NASA wants to smash a satellite into an asteroid on purpose, and it's all in the name of saving Earth from future catastrophic space rock collisions.

Yes, NASA is planning to deflect an asteroid in 2022. And no, this isn’t part of an Armageddon movie reboot (why mess with perfection after all). NASA has been in the news lately for dive-bombing an exploratory satellite into Saturn at the end of the Cassini mission, but don’t worry-we are not currently in any danger. The space agency is simply preparing a plan for the remote chance that an asteroid is found to be hurtling toward the Earth in the future.
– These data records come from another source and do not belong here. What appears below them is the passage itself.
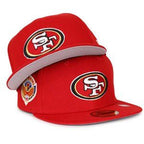 New Era San Francisco 49ers 59FIFTY Fitted Hat Pro Bowl Side Patch - bamn.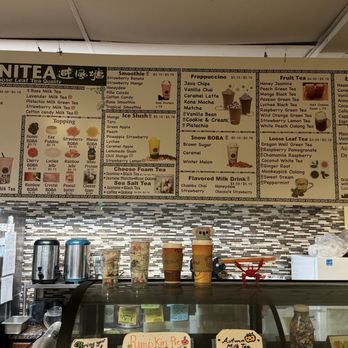 Trinitea Tea - Menu - Coffee & Tea Near Me - San Diego, California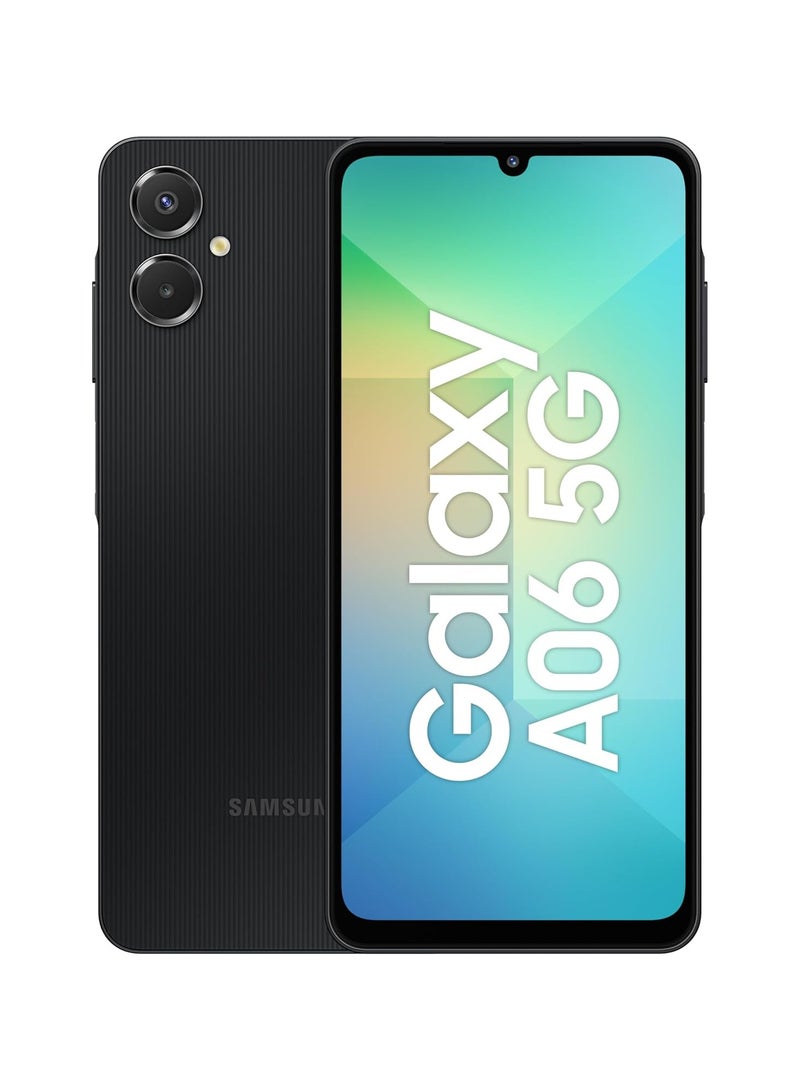 Samsung Galaxy A06 5G Unlocked (4GB RAM, 128GB) – 50MP Dual Camera | IP54 | International Version | Expandable Storage | Works Worldwide - Image 1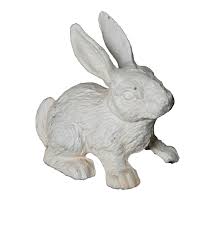 Ornament Rabbit Cast Iron Perth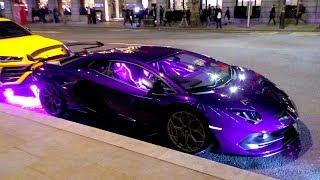 Lamborghini THROWING a party in London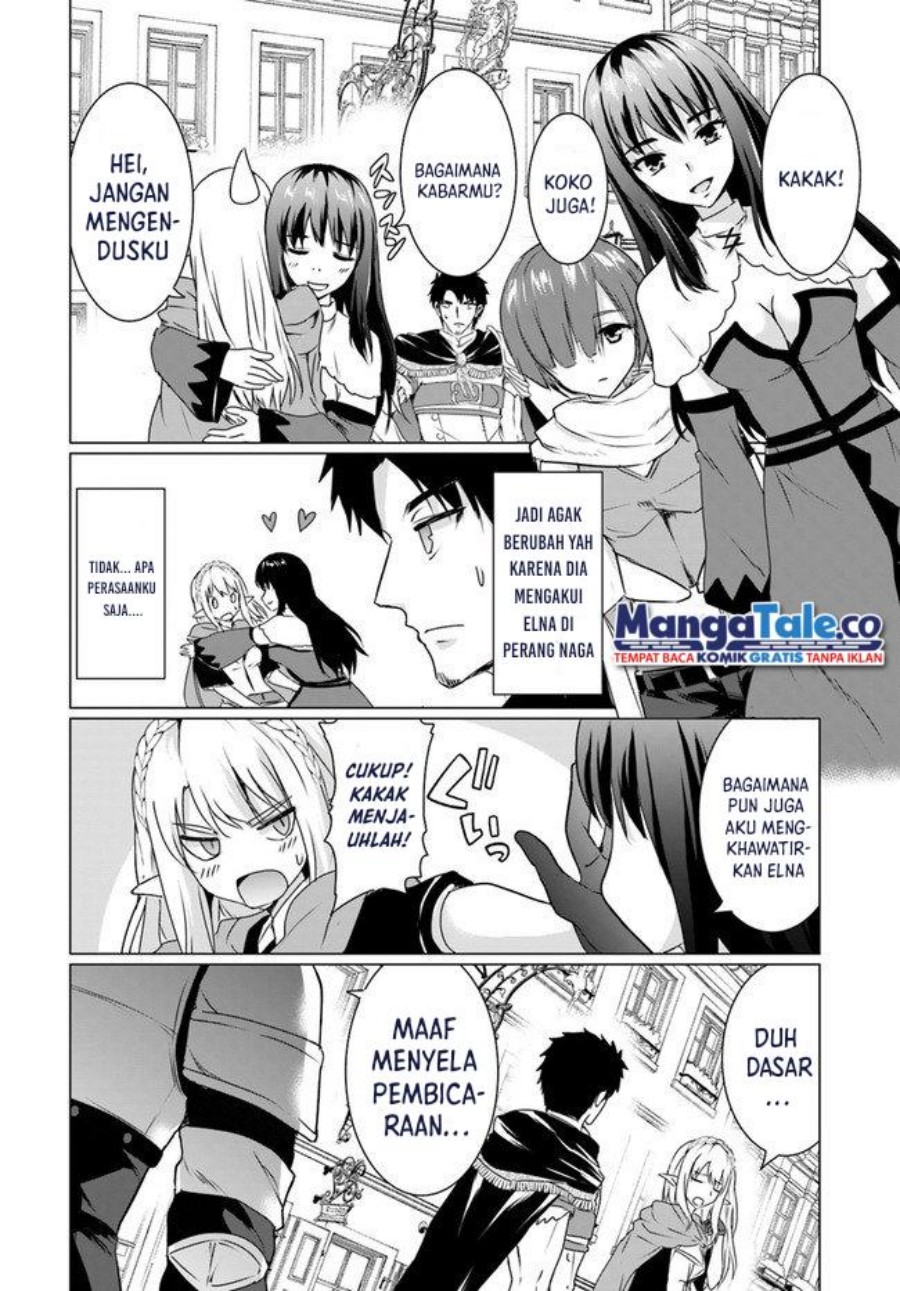 Homeless Tensei: Isekai De Jiyuu Sugiru Majutsu Jisoku Chapter 17.2 Gambar 10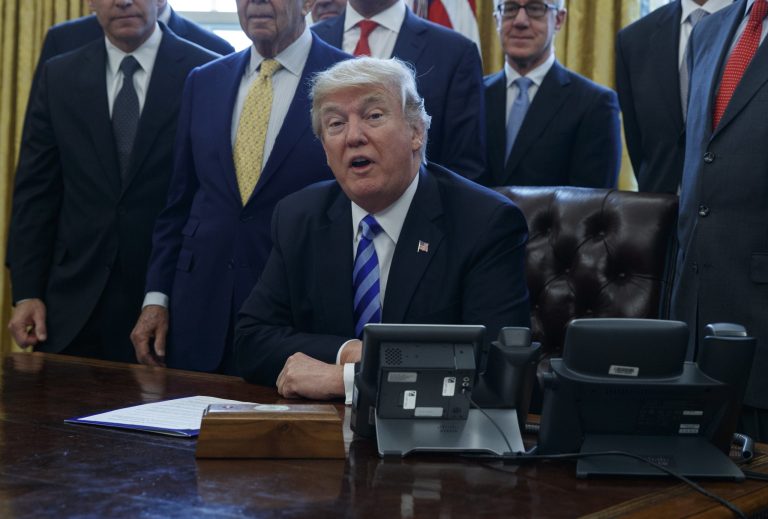 The infrastructure bill wasn't expected to be considered for months, possibly not even until next year. (AP Photo/Evan Vucci)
After all, it didn’t work out too well for the dinosaurs.

Did you know?

  1. NASA, and other space agencies, consider asteroids as a valid threat to world safety and monitor for any that could be within range for Earth impact.
  2. Based on historical records, there is no question there will be another impact—it is just a question of when it will happen.
  3. Outside of Hollywood we haven’t had the technology to redirect asteroids, but that might be changing with NASA’s DART.
  4. The DART (Double Asteroid Redirection Test) is an attempt to see if a small nudge can have a big change in an asteroid’s trajectory over time.
  5. The DART program will target Didymos A and Didymos B (B orbits A and is the specific target).
  6. These two asteroids are not a threat to Earth, but their orbital situation makes them an excellent test for a deflection system like DART.
  7. DART was originally designed as part of the Asteroid Impact and Deflection Assessment (AIDA).
  8. The combined initiative would be a partnership between the European Space Agency (ESA) and NASA.
  9. The future of the ESA part of the project is in doubt, but for now NASA intends to proceed on its own.
  10. The satellite must be finished by 2020 in order to be launched and intercept the Didymos asteroids at their closest point to earth in 2022.